Most observers now pretty much concede that socialism as an economic system is a failure. Even most U.S. journalists have thrown in the towel. Nice in theory, they say, but somehow it just doesn't deliver the goods. "Communism," said 60 Minutes commentator Andy Rooney recently, "is fundamentally a more uplifting idea than capitalism." Its "only real weakness seems to be that it doesn't work." Western holdouts for the triumph of socialism now also have to contend with all manner of renegade Soviet economists. Some preach private property! Even Mikhail Gorbachev said recently that people in the Soviet Union "forgot how to work because they got used to being paid often just for coming to work." (U.S. economists have not yet dared put their finger on that crucial defect of Communism.)
So, what do our leading textbook authors have to say on the subject?

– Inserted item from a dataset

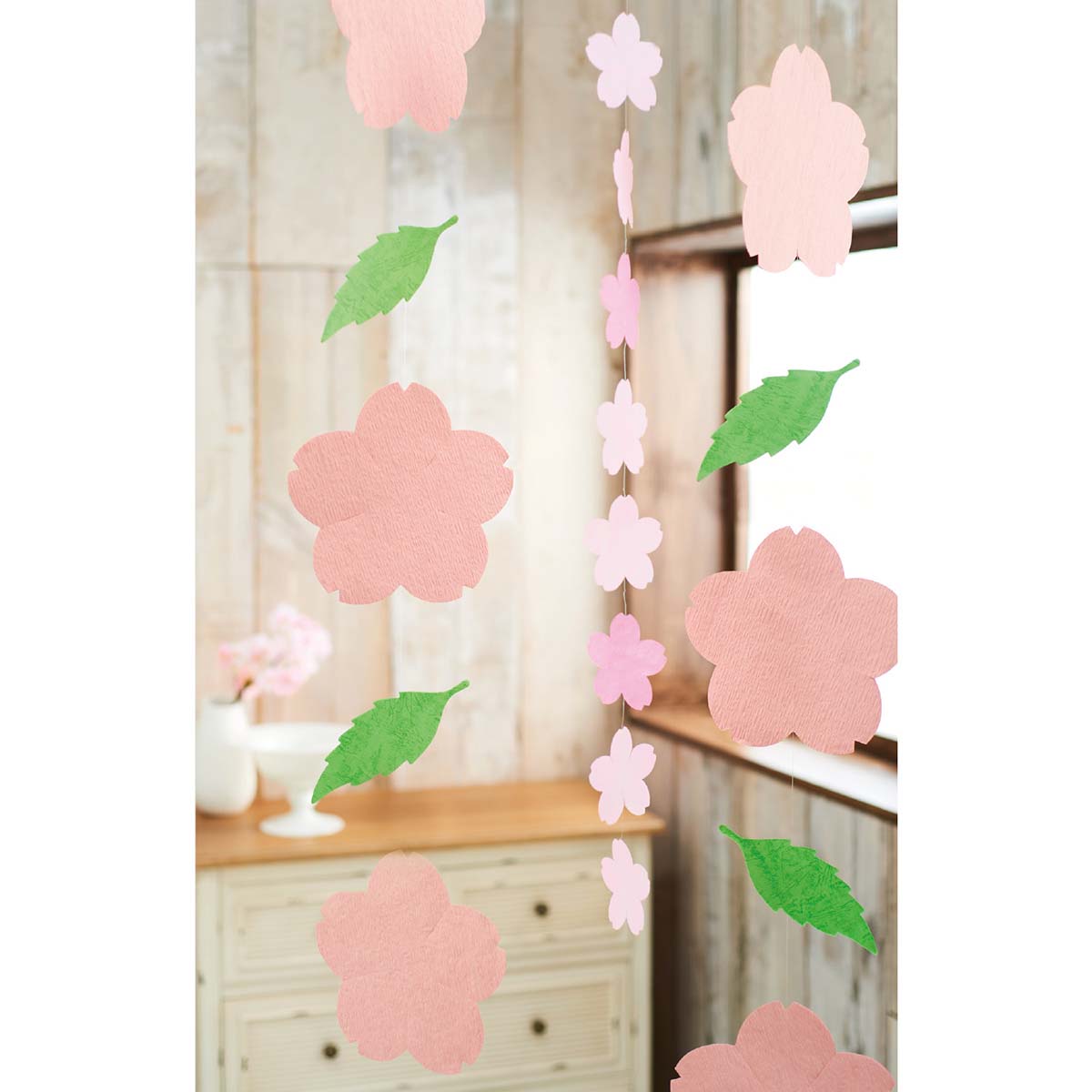 ★53-12-8-1 2本セットさくら5連ハンギング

CAMPBELL MCCONNELL is a genial 61-year-old professor of economics at the University of Nebraska and the best-selling economics-textbook writer for at least the last decade. According to one source, his 1987 edition sold 200,000 copies in its first year of publication, probably netting McConnell $1 million in royalties and one-third of the new-book market in that year.
As with Samuelson, the Keynesian hydraulic metaphor remains enshrined by McConnell, but he is regarded as "middle of the road" ideologically, with a devout following in the professoriate. McConnell is "the successor to Samuelson," but better disposed toward the market. Nonetheless, he politely but firmly resisted my suggestion that a 968-page book on economics principles should have more than one paragraph on private property. It is "a good paragraph," he said, as indeed it is.

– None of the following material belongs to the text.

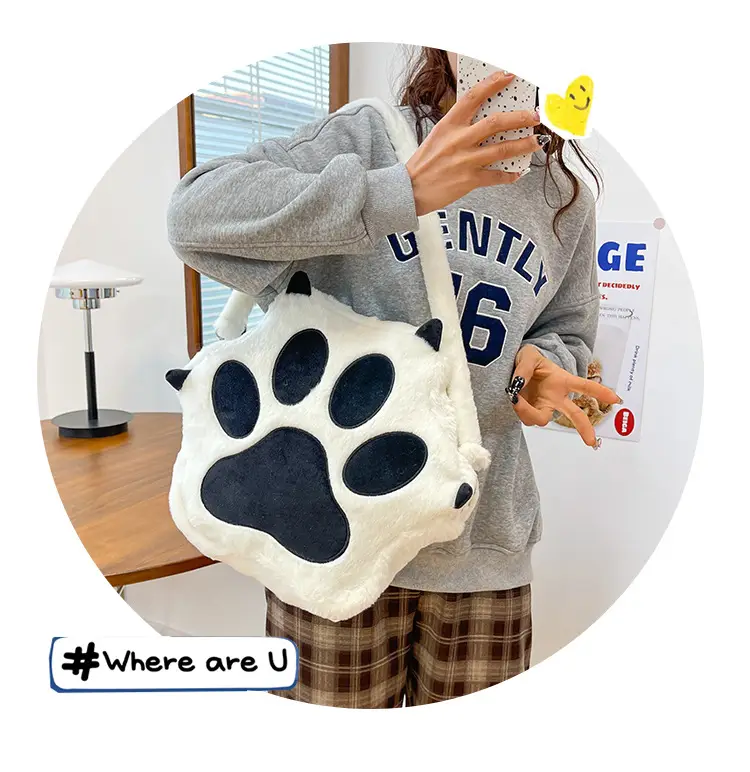 Cute Cat Paw Print Plush Backpack for Girls — feature 27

In his 1987 edition, McConnell says: "Despite the gargantuan character of the coordination problem, Soviet central planning has worked, and historically has functioned reasonably well." This was toned down from the 1981 edition, in which central planning had worked "remarkably well." He notes (1987) that "the real standard of living of the average Soviet citizen is roughly one-third that of an American counterpart," down from one-half in the 1981 edition, in which it was also reported that labor-union strikes "simply do not occur." In 1987 this was amended to "do occur with some frequency."

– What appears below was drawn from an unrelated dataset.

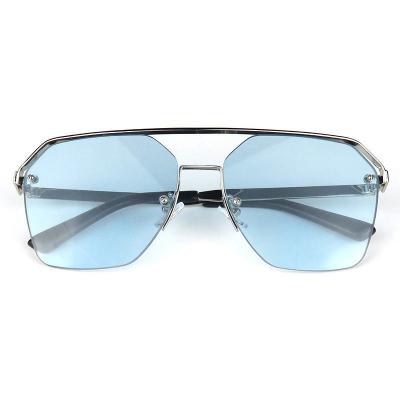 M10759 silver geometric metal sunglasses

McConnell reported in 1981 that "authoritative estimates put the Soviet GNP at slightly more than one-half that of the United States," By 1987 this had risen, surprisingly, to "about 60 per cent." He told me that in his 1990 edition "I use 50 per cent. But that may be on the low side." (He seemed to worry that I might accuse him of being too hard on Communism.) In 1987 he inserted a section based on Marshall Goldman's USSR in Crisis: The Failure of an Economic System, and even though McConnell was quite tentative in his presentation of this material ("it is to be emphasized that Goldman's view is very controversial, and has sparked heated debate") he nonetheless "got some flak from a couple of experts on the Soviet economy." They said he shouldn't have put it in at all. "In the next edition I have replaced Goldman with the Gorbachev reforms," McConnell said, seemingly relieved at moving away from controversy.